◆ WORK ORDER: The reply must contain exactly the lines below from the one with "На Сумщині на" down to the one with "Primary Photo - 2814 E Marconi Ave", both included, and nothing more; please omit the pictures.

◆ DATA SHOWN:
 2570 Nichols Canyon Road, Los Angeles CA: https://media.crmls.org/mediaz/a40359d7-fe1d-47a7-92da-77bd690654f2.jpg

* * *

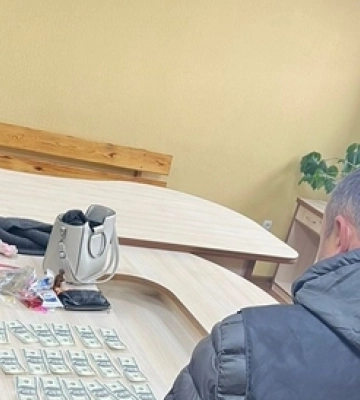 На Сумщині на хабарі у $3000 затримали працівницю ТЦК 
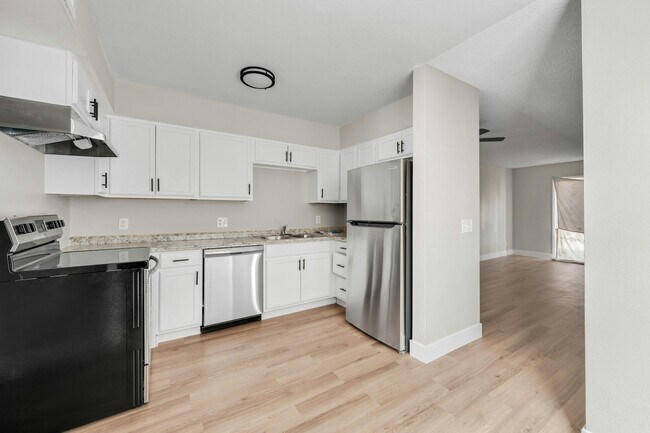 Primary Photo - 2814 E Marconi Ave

◆ EXERCISE RESULT:
 На Сумщині на хабарі у $3000 затримали працівницю ТЦК 
 Primary Photo - 2814 E Marconi Ave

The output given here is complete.